Brian Berry, Chief Executive of the FMB, added: “The Beast from the East has certainly played its part as it forced many construction sites to close in March. Indeed, builders were reporting that it was too cold to lay bricks.”
Berry continued: “Alongside the cold snap, the drop in construction output can also be attributed to rising costs for construction firms large and small. While wages are continuing to rise because of the acute skills crisis in our sector, firms are also feeling the pinch thanks to increased material prices.
“The depreciation of sterling following the EU referendum has meant bricks and insulation in particular have become more expensive. We expect material prices to continue to squeeze the construction industry with recent research by the FMB showing that 84 per cent of builders believe that they will continue to rise in the next six months.”
“In the medium to longer term, with nine months until Brexit-Day, the future is uncertain for the UK construction sector. The Government is still to confirm what the post-Brexit immigration system will look like. The construction sector is largely reliant on accessing EU workers with more than 8 per cent of construction workers coming from the EU. It is therefore imperative that the sector knows how, and to what extent, it can recruit these workers post-Brexit.”
A sea of warning lights
Blane Perrotton, managing director of the national property consultancy and surveyors Naismiths, commented: “The construction industry dashboard is now a sea of warning lights.
“For months, housebuilding had served as a ‘get out of jail’ card – mitigating or even nullifying the declines in other construction sectors. No longer.
“With the output from all sectors bar one now firmly in contraction territory, the fall in new orders suggests the slide is here to stay.
“Last month’s GDP report awarded construction the wooden spoon for being the worst performing sector of the economy, and today’s disappointing numbers from the ONS drive home the seriousness of the industry’s weakening confidence and softening investor demand.
“One of the few bright spots is the availability and cheapness of finance. With an interest rate rise not expected until August at the very earliest, lenders continue to offer good terms to developers.
“Yet demand is patchy at best. While there is genuine momentum in the North West and West Midlands, in London and much of the South East, developers are battening down the hatches – concentrating on completing existing projects rather than commissioning new ones.
“With workers’ rising wages slicing into contractors’ already tight margins, there is likely to be more pain to come for contractors who are forced to bid low for work.

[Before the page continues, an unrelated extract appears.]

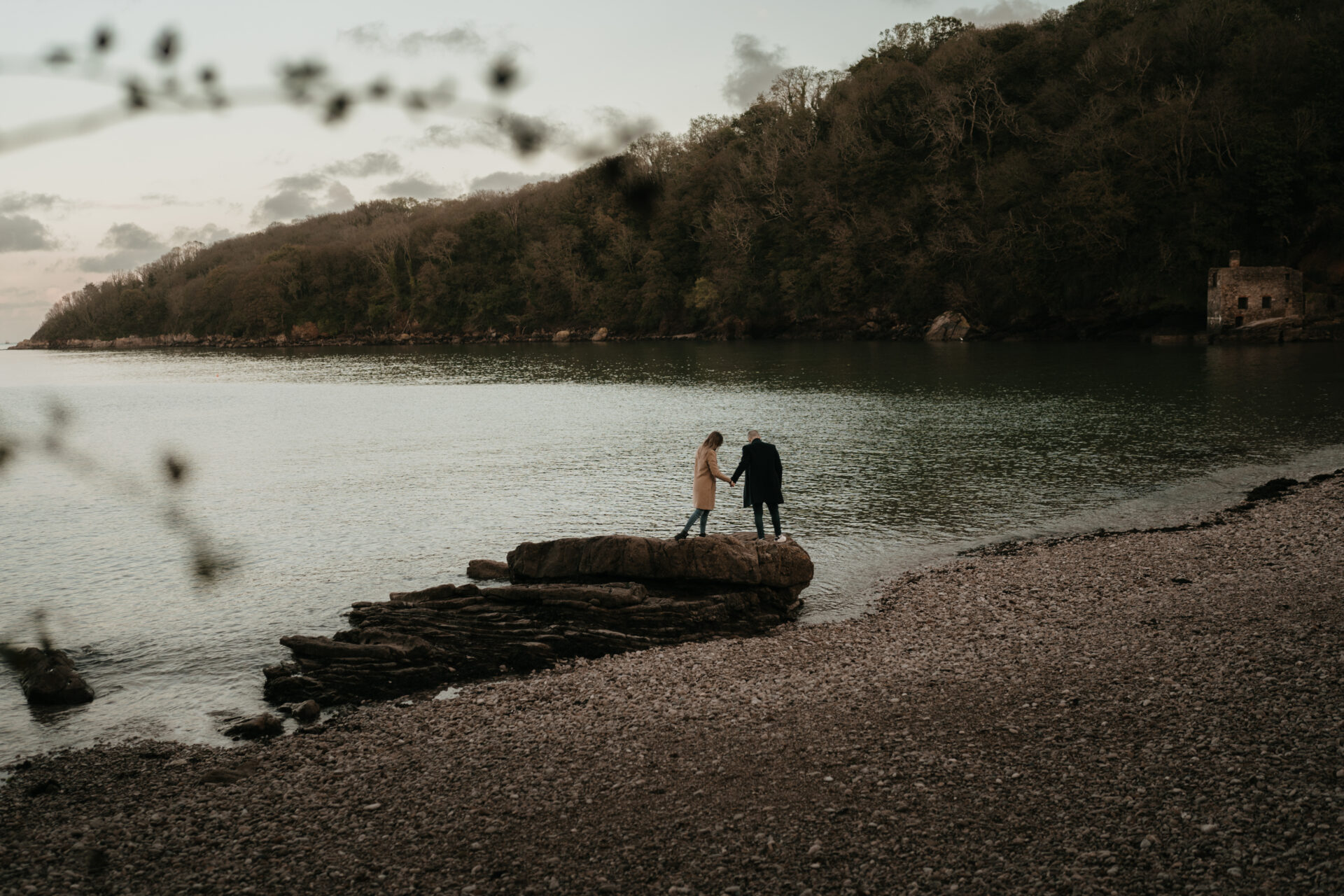 A couple standing on a rock near the water.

While deals continue to be done, a sizeable chunk of the projects that could be done are being deferred until after the Brexit fog passes.”
Michael Thirkettle, Chief Executive of construction consulting and design agency McBains, said:
“Today’s statistics prove the construction sector is still in troubled waters with continuing uncertainties, borne from Brexit, and the poor value of sterling impacting on the cost of imported materials, meaning many UK companies are delaying investment decisions.
“The real test, however, will be in the months to come, given the uncertainty over issues like Brexit that have impacted on UK companies’ commitment to new projects over the last two years.”